Hi @Choozi, and welcome to the forum!

Those are great questions! There may be partial answers to them scattered throughout the forum, but I’ll try to give a high-level overview here.

There are two difficulties in training with spiking LIF neurons. The first is that it’s spiking, and spikes are non-differentiable as you’ve pointed out. To get around that, we just use a rate approximation to the spiking neuron (i.e. if you gave the spiking neuron a constant input current of a particular strength, what would its firing rate be). This method of training on rate functions is sometimes called “ANN-SNN synthesis” in the literature, because we’re training the network as an ANN (with the rate approximation as the nonlinearity), and then using these weights for our spiking network at test time. This is opposed to spike-based methods, which find a way to make the spikes differentiable. There is also an in-between method, which is to use spikes for the forward pass during training, and the rate function for the backward pass. This method is implemented in our KerasSpiking package with the spiking_aware_training option on the SpikingActivation layer.

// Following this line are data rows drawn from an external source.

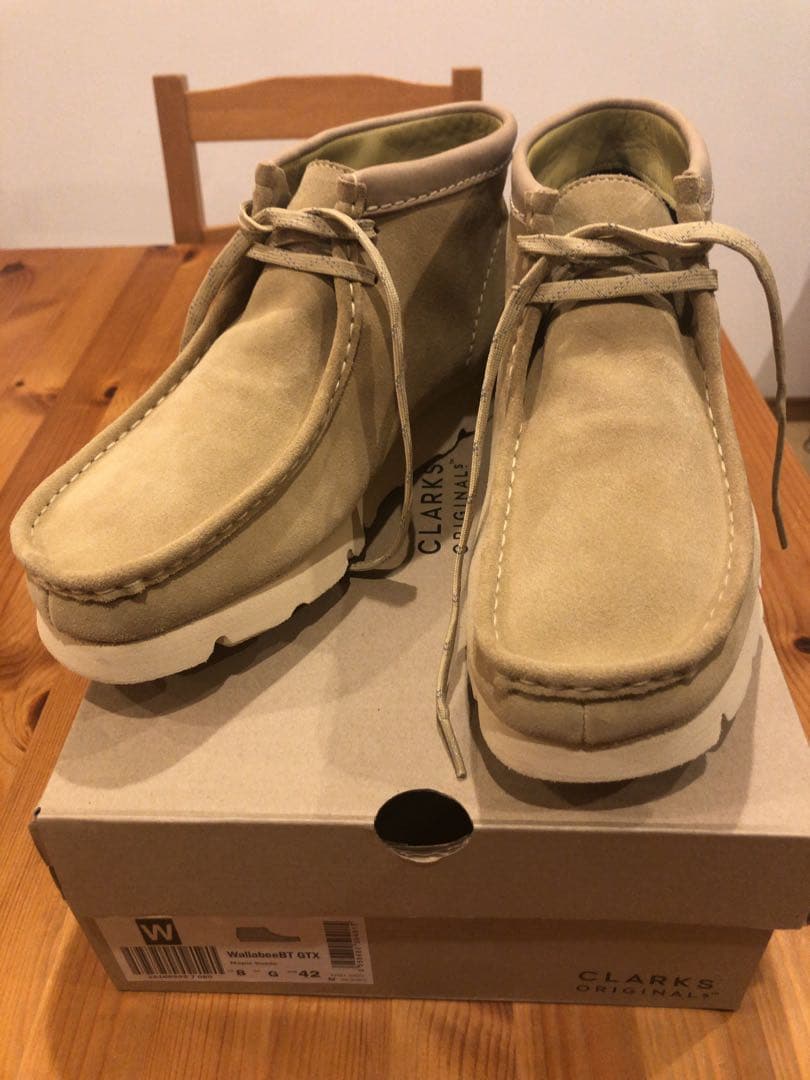 新品未使用試着のみ❗️CLARKS Wallabee GTXワラビー ゴアテックス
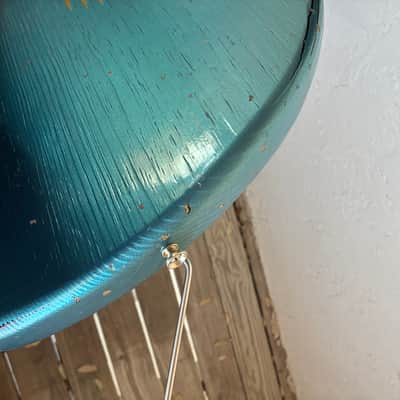 YouTube Vid in description Novo Serus J Lake Placid Blue over 64 sunburst binding electric guitar p90 case image 15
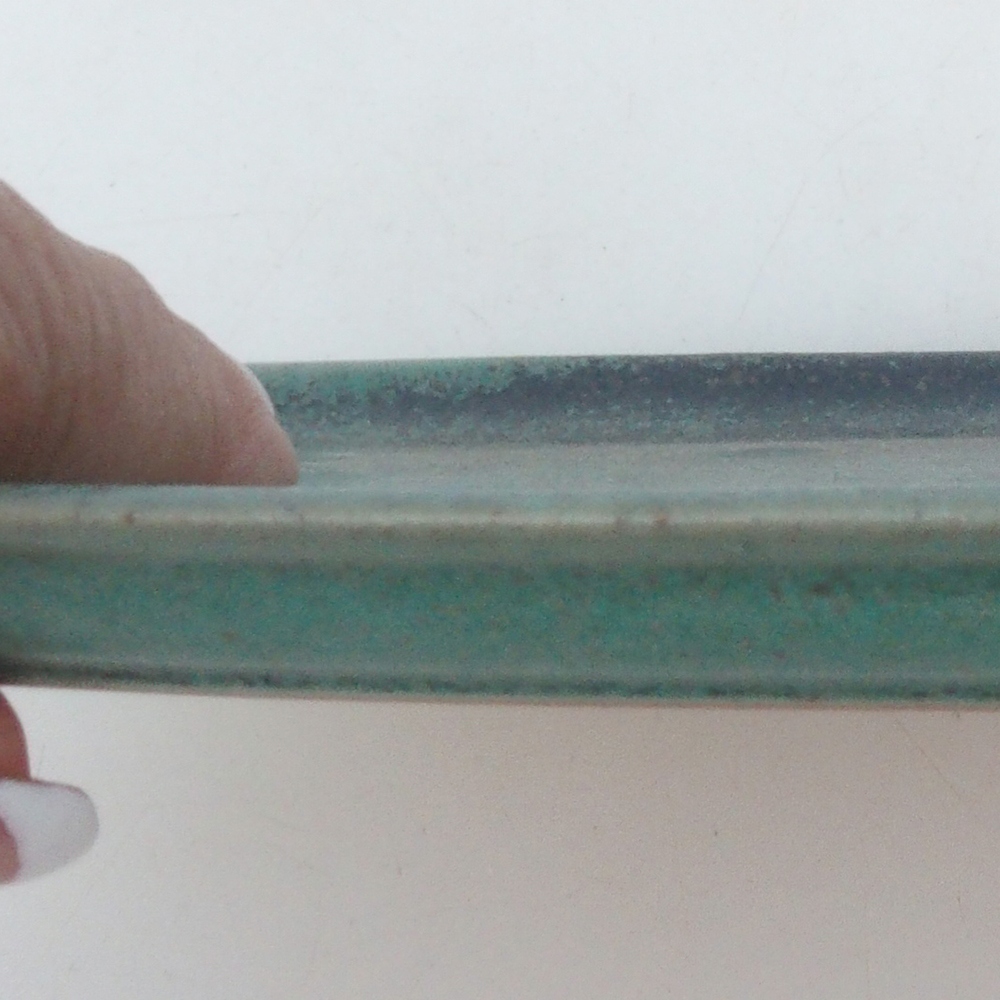 Miska ceramiczna H15 -25 x 15 x 1 cm - zielona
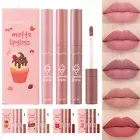 3Pcs Set Lip Gloss Lipstick Matte Velvet Waterproof LongLasting Makeup Set Gift≠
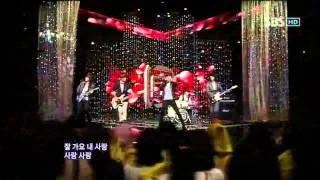 FTIsland - love love love @ SBS Inkigayo 인기가요 100912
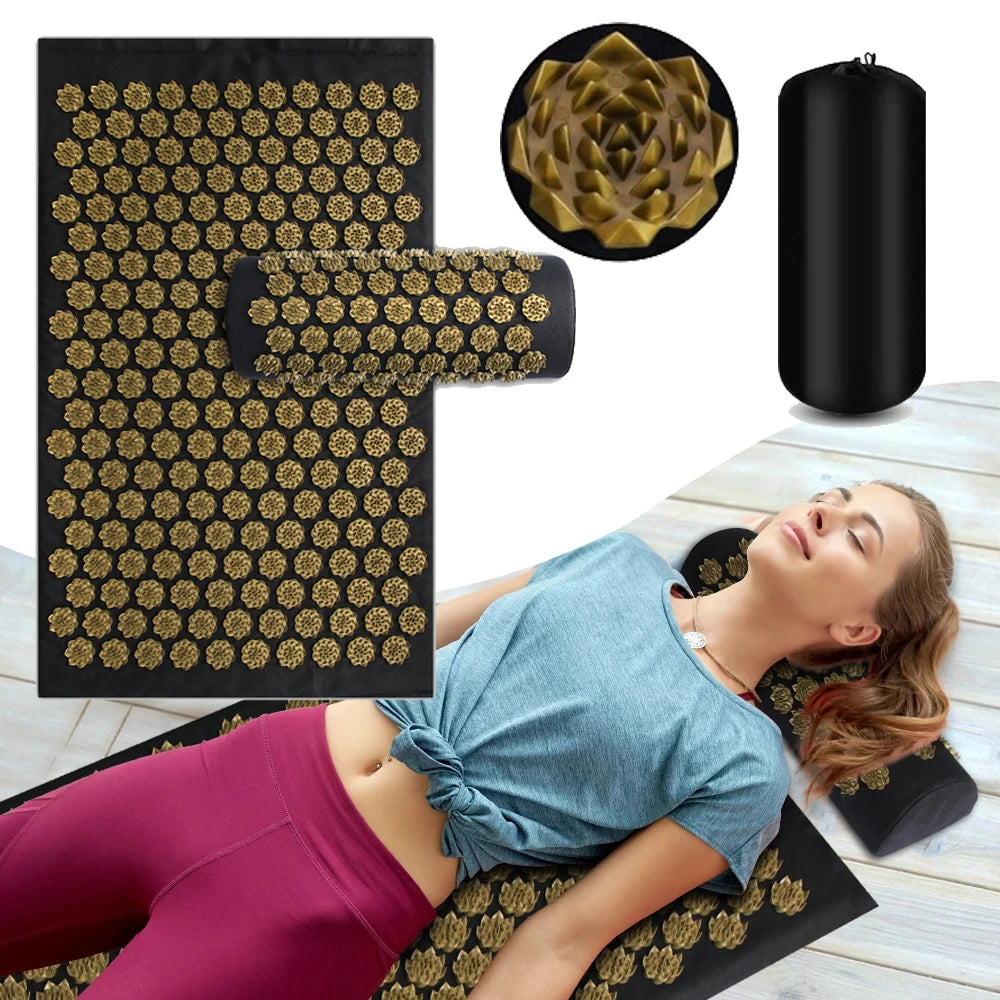 ZenSpike™ Acupressure Mat & Pillow Set – Natural Pain Relief, Deep Relaxation, Anytime, Anywhere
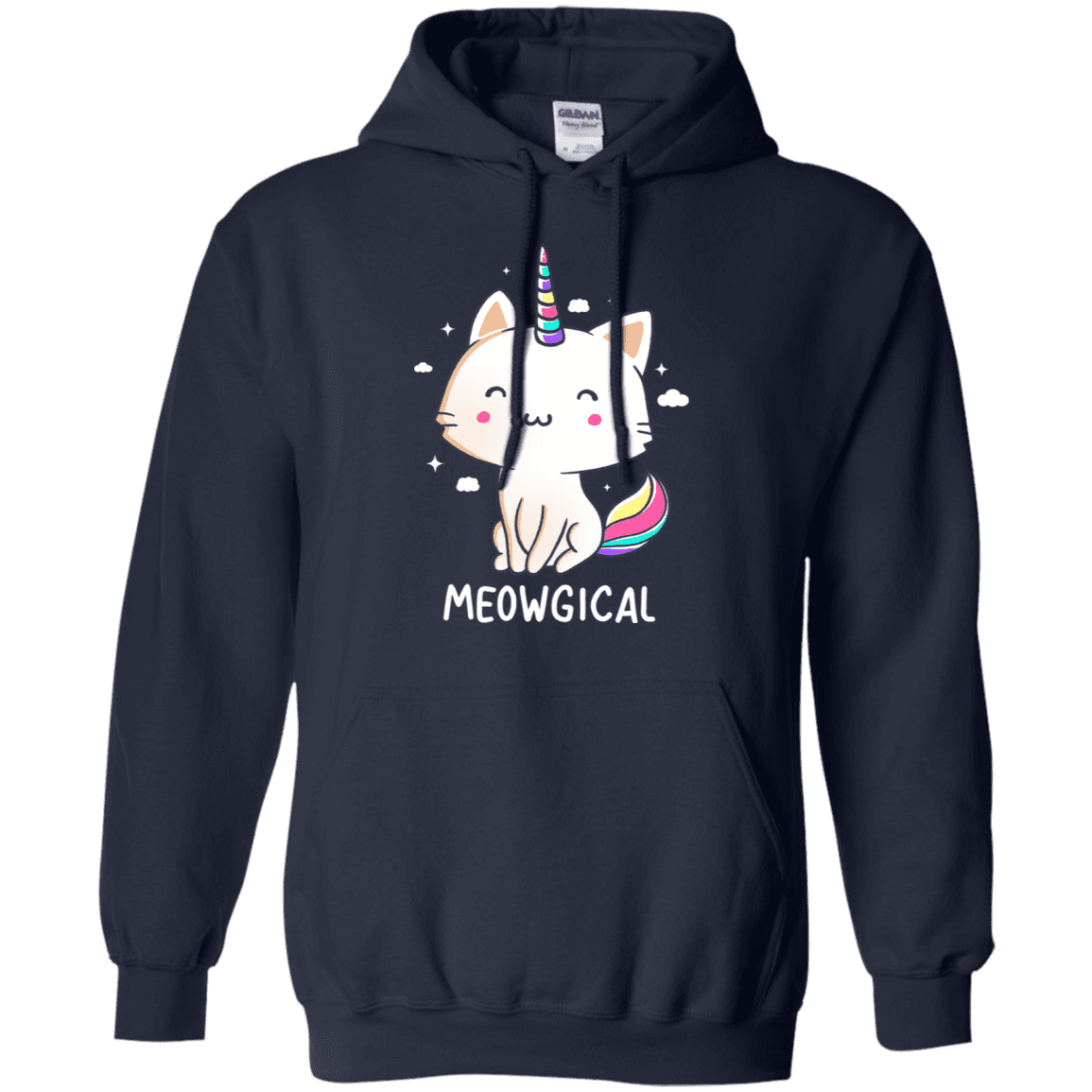 Sweatshirts Navy / S Meowgical Pullover Hoodie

The other difficulty of training with LIF neurons is even the rate approximation does not have a continuous derivative. Specifically, its derivative explodes right around the firing threshold. To avoid the potential numerical problems with this, we typically train with the SoftLIF neuron type. However, in some of our work we’ve found that modern optimizers (e.g. Adam) that have features like gradient clipping can actually train fine with the standard (non-soft) LIF rate approximation. We haven’t tested this extensively, though.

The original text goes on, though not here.